Detaining a customer who proves to be innocent could potentially give rise to a claim for false imprisonment. If a security guard uses force to detain a customer who refuses to stop and tries to walk away, a claim for assault could also be made. If the incident occurs in front of other members of the public, which is likely, it is even possible that an associated personal injury claim for psychiatric injury could be made, due to the distress and humiliation suffered.

Unlike police officers (who have specific powers to stop and detain members of the public provided they have a ‘reasonable suspicion’ that an offence has been committed) a private security guard has no more legal powers than any other member of the public. They have no power to stop and detain a customer unless carrying out a citizen’s arrest.
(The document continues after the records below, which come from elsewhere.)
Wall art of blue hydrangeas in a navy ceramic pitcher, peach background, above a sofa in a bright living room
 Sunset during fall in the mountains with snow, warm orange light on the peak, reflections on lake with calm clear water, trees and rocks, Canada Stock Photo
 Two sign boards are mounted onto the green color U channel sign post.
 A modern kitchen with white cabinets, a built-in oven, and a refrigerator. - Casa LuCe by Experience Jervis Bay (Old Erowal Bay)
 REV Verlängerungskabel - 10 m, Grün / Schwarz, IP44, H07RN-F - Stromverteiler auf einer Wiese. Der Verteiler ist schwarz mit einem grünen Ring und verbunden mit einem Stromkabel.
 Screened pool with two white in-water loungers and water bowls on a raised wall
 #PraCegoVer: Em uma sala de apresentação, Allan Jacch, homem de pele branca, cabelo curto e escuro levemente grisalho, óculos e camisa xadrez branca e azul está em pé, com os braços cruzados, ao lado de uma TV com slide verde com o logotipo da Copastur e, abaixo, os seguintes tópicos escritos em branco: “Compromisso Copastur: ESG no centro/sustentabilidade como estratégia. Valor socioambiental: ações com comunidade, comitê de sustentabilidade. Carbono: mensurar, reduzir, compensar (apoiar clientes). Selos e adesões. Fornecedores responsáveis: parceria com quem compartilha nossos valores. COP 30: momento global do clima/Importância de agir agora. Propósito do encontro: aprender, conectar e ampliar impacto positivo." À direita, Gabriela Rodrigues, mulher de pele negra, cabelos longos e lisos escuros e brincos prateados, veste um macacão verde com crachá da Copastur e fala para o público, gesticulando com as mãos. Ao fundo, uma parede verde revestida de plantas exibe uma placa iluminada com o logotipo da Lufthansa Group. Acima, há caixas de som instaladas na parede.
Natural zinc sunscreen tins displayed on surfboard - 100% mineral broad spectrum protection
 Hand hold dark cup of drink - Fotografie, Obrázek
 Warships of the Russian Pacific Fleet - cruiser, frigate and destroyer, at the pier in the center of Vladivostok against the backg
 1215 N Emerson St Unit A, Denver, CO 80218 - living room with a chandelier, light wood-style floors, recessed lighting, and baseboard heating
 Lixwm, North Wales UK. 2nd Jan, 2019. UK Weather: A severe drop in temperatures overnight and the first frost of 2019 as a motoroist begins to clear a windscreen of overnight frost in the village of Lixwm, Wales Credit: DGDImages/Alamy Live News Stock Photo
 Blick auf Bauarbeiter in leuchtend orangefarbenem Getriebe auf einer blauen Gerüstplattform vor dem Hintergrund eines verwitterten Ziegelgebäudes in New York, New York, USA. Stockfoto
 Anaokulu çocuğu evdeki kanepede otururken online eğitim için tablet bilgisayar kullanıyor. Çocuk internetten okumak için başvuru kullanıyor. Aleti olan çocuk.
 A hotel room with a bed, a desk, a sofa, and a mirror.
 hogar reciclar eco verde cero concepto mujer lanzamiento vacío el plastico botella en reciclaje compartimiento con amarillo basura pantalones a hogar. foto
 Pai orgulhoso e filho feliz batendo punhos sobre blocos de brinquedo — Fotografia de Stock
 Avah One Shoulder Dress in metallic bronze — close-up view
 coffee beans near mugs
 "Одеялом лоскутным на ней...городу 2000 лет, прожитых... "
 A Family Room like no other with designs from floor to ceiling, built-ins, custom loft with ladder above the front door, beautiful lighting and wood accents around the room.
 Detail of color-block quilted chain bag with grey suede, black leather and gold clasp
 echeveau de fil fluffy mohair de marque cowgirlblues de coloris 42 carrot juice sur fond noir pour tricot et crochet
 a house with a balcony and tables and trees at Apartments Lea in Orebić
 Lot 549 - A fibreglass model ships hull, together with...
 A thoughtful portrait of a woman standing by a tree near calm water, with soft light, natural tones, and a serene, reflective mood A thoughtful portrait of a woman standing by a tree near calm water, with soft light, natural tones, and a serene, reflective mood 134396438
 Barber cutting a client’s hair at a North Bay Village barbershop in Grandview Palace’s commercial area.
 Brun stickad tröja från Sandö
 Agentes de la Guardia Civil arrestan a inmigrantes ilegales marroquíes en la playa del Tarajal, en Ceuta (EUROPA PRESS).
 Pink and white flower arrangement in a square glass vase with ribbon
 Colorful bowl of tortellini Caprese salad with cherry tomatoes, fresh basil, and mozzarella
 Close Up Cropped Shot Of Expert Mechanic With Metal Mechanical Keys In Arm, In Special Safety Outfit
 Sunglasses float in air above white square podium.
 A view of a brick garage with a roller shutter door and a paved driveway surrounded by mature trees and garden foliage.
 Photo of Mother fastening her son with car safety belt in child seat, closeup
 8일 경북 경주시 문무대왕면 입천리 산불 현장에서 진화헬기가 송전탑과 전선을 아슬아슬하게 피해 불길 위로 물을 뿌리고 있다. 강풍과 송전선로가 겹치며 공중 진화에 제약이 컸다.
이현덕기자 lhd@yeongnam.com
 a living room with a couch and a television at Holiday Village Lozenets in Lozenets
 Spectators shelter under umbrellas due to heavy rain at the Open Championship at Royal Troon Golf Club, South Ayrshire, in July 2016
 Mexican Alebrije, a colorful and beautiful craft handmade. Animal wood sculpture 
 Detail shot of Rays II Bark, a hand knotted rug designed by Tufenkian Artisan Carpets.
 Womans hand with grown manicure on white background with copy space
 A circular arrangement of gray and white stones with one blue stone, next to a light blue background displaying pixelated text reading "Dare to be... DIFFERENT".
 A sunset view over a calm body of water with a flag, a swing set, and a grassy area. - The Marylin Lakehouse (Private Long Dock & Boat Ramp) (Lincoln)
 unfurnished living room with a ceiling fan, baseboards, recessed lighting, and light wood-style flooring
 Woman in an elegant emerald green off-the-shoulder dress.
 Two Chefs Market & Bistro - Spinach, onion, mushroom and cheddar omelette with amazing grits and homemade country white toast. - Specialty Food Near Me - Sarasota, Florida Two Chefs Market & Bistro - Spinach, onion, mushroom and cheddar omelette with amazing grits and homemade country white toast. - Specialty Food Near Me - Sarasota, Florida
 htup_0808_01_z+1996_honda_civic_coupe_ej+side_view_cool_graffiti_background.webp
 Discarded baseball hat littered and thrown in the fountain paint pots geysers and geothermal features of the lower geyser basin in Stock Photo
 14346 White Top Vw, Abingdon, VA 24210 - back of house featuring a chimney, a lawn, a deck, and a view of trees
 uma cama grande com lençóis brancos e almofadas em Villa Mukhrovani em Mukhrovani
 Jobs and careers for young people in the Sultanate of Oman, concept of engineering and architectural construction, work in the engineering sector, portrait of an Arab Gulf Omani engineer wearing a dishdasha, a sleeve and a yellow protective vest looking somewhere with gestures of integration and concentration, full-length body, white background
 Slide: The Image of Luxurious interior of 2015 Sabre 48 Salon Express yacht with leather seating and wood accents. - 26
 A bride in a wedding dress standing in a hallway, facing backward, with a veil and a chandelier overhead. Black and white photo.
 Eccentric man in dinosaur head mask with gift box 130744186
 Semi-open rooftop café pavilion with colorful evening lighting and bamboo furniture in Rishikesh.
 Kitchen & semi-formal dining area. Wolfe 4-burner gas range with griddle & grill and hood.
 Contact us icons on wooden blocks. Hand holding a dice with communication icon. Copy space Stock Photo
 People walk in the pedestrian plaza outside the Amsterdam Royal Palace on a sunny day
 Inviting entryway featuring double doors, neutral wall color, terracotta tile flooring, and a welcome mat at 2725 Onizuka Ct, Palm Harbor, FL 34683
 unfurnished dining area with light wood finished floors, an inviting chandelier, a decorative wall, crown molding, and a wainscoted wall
For a citizen’s arrest to be lawful, clear evidence of the offence is required — the customer needs to essentially be caught in the act with a stolen item(s) about their person.

Whilst the theft of any items worth less than £200 is now classified as ‘low-value shoplifting’, which is a summary only offence (s22A Magistrates’ Court Act 1980), section 176(6) of the Anti-Social Behaviour, Crime and Policing Act 2014 preserves the power to carry out a Citizen’s Arrest for low-value shoplifting. Ordinarily, a citizen’s arrest can only be lawfully carried out for an indictable offence (section 24A of the Police and Criminal Evidence Act 1984).

If the security guard gets it wrong and detains someone who is innocent, that person will have a prima facie case for false imprisonment, regardless of how long the detention lasts. ‘Detention’ in the context of the tort of false imprisonment does not necessarily mean the use of physical force to detain a person — the use of words to assert authority, in order to convince a customer they are not allowed to leave the store or confining them in a corner without actually touching them, could still constitute detention.

The risks discussed above will not be new to retailers. However, the use of CDT could lead to a significant increase in these risks, which should be considered alongside the benefits that CDT may bring in terms of theft prevention.

Providing training and guidance to employed security staff regarding the use of the app (or vetting private security contractors to ensure they do so), in particular about how to analyse and act upon the different images they receive, is likely to be important. Any less clear images of suspected shoplifting that are captured should be treated with caution. What if, for example, the software analyses the CCTV images of a person reaching inside their jacket, and flags this as theft, when the customer was simply reaching for their wallet or phone? Does the image clearly show an item being placed inside the jacket or pocket?

There could also be an added risk once the technology becomes widespread, and the public become aware of its use and the implications. It has not been unknown for customers to deliberately ‘goad’ retail staff and security into stopping them and accusing them of theft, as a route to pursuing a claim for compensation. They could, for example, try to deceive the technology by reaching into their clothing hoping to then be stopped.

The benefits of CDT may well prove to outweigh any risks, but retailers may wish to keep the above in mind if they are seeking to invest and implement it across their stores.